AI Chat


SAL (Sigasi AI Layer, in case you’re wondering) is the name of the integrated AI chatbot in Sigasi Visual HDL. There are three ways to get a conversation with SAL started. First, by clicking the SAL icon SAL icon in the Activity Bar icon. Second, by choosing “Chat with SAL: Focus on Chat with SAL View” from the Command Palette (opened with Ctrl-Shift-P by default). Finally, by selecting a piece of HDL code and using the context menu SAL > Explain This Code.

Note: Through SAL, you can connect to a remote model using the OpenAI API, such as OpenAI’s GPT 4 model, or a local AI model of your choice via LMStudio.

Configuring your AI model

SAL is configured using up to four environment variables. Be sure to set them before starting Sigasi Visual HDL, so they get picked up correctly. The easiest way to get started it by connecting to the OpenAI servers, as detailed below. If you prefer to use a model made by another company, or you’re working on an airgapped machine, you’ll have to set up a local model.

Connecting to remote OpenAI services

If you have a working internet connection and an OpenAI API key, configuring the backend for SAL is as easy as setting the environment variable SIGASI_AI_API_KEY to your API key. By default, this will use the GPT 3.5 Turbo model.

export SIGASI_AI_API_KEY="your-openai-api-key"

You can use a different model by setting the SIGASI_AI_MODEL to e.g. gpt-4-turbo.

export SIGASI_AI_MODEL="gpt-4-turbo"           # with the GPT 4 model
export SIGASI_AI_API_KEY="your-openai-api-key" # with this API key

Connecting to a local model

This guide will help you use LM Studio to host a local Large Language Model (LLM) to work with SAL. Currently, SAL supports the OpenAI integration API, and any deployed server utilizing this API can interface with SAL. You need to set the correct URL endpoint and model name, and optionally provide the API key if required by the endpoint.

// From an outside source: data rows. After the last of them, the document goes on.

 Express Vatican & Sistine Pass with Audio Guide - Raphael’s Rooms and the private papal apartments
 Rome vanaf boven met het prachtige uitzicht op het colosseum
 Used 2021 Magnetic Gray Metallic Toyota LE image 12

  1. Download the latest version of LM Studio .

  2. Open LM Studio. From the home screen, search and download the model you want to use.

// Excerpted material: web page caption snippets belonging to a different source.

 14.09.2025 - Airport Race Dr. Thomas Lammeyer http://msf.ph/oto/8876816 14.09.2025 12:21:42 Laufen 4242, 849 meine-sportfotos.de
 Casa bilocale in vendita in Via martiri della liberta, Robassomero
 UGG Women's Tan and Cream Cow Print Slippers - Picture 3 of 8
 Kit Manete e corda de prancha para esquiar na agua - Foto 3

  3. Navigate to the Local Server Window.

  4. At the top of the local server screen, use the selection menu to choose the model you wish to load.

  5. (Optional) Configure local server parameters, such as the Context overflow policy, the server port and Cross-Origin-Resource-Sharing (CORS).

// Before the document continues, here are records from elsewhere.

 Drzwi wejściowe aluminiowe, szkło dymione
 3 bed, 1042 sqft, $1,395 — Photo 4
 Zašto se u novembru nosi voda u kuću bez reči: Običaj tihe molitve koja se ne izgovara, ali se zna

  6. Set the environment variables for Sigasi Visual HDL. You can get the necessary configurations most easily in the Example window under chat (python).

    • SIGASI_AI_API_URL to the base URL
    • SIGASI_AI_MODEL to the model name
    • SIGASI_AI_API_KEY to the API key (if required)

    In this example:

    export SIGASI_AI_MODEL="TheBloke/deepseek-coder-6.7B-instruct-GGUF"
    export SIGASI_AI_API_URL="http://localhost:1234/v1"
    export SIGASI_AI_API_KEY="lm-studio"
    
  7. Launch Sigasi Visual HDL and start a conversation using your configured local LLM.